Reddington has argued that his client was overmedicated and in the throes of postpartum mental illness at the time.
Stacey Kabat said she met Clancy — then Lindsay Musgrove — when the latter was a student nurse. As a maternal child health nurse, Kabat said she was shocked to see the number of medications Clancy had been prescribed leading up to Jan. 24.
“Our health care model fails family’s [sic] like the Clancy family,” she wrote in a letter. “We do very little to concretely help a mother who is suffering with postpartum depression and when it comes to postpartum psychosis we fail completely.”
In another letter, dozens of mothers from Foxborough, Mansfield, and North Attleborough voiced their support for Clancy.
“As mothers, we are asked to hold the weight of the world on our shoulders. We push through the pain and smile despite our inward battles,” they wrote. “Many of us have felt the darkness of postpartum depression, and for that reason we are able to empathize with Lindsay’s pain.”
Clancy was a resource that people turned to for advice on pregnancy, childbirth, newborns, and toddlers, childhood friends recalled.
“Her first priority was always for her children to feel loved, safe, and happy, and I trusted her implicitly with the care of my own child over the past three and a half years,” longtime friend Amy Bevins wrote. “I am steadfast in my belief that her greatest joy was being a mom and watching her children grow.”
Another friend, Michelle DaConto, shared a similar message: “I know in my heart and soul that Lindsay loved her children and would do anything to protect them.”
Clancy “lived to be a mother,” wrote Kendra Keefe, a nurse who worked alongside her.

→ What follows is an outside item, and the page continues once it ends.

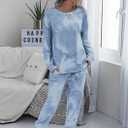 PRETTYGARDEN Women's Two Piece Loungewear Fall Casual Long Sleeve Tops Jogger Pants Pajama Sets Matching Outfits Clothing (Blue, L)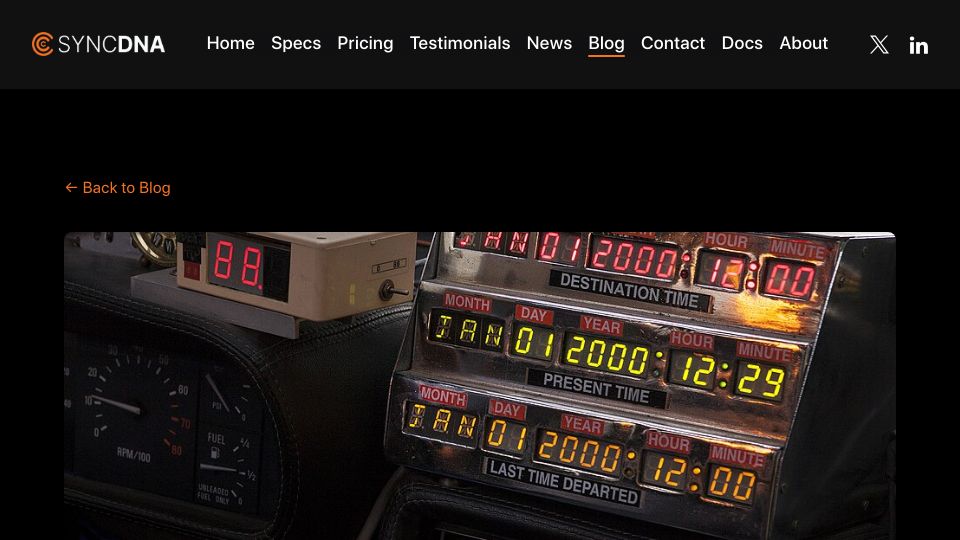 Screenshot of syncdna.com: Time travel? Or, just clever technology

“She was so proud to raise her beautiful children and it couldn’t have been more apparent,” Keefe wrote. “She educated new mothers and fathers and used her own beautiful experience to do so. Her patients were so lucky to have her and her coworkers too.”
One former patient described Clancy as “the best nurse I’ve ever had.”
Ultimately, “there wasn’t anything she loved more” than her children — Cora, Dawson, and Callan — and her husband Patrick, according to colleague and friend Grace McNulty.
“I am proud to stand beside her,” McNulty wrote.